IBM’s revenues slipped another 3 per cent in the latest quarter, falling short of Wall Street’s expectations as the decline in the US technology group’s core business continued to outweigh the newer markets on which it has pinned its future.

News of the first-quarter earnings brought a near-4 per cent fall in the company’s shares in after-market trading on Tuesday, despite pro-forma profits that were stronger than analysts had projected.

IBM has told investors that it expects to return to sustainable single-digit revenue growth once its so-called “strategic imperatives” — cloud, analytics, mobile, social and security — tip the balance after a period of retrenchment. It has not, however, predicted when that moment will come, and the continued slide in overall revenues has weighed on Wall Street confidence in the turnaround being engineered by chief executive officer Ginni Rometty.
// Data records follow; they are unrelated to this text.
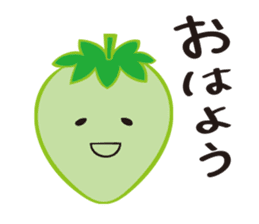 Strawberry-Strawberry-Strawberry sticker #10025346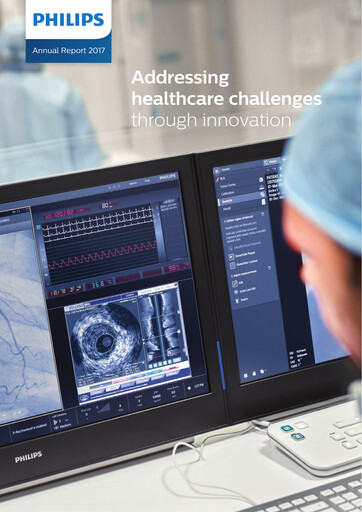 Thumbnail Philips Annual Report 2017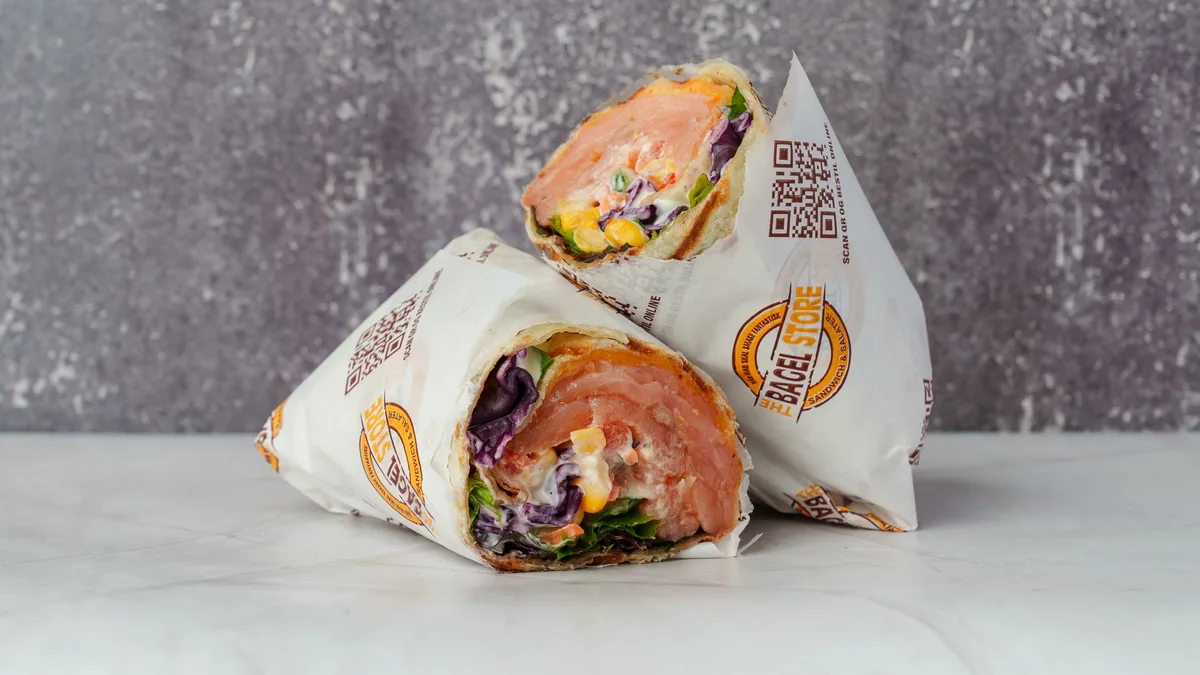 The Salmon Wrap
For the latest period, Big Blue reported revenues of $18.2bn, below the $18.4bn analysts had been expecting. Its pro-forma earnings per share — the measure on which investors judge the company — came in at $2.38, ahead of the forecast $2.35.

Growth in IBM’s “strategic imperatives” in the quarter reached 12 per cent, and at $7.8bn these businesses now account for 43 per cent of overall revenue. The company’s core business saw a continued erosion, however,with revenue from these operations falling around 12 per cent.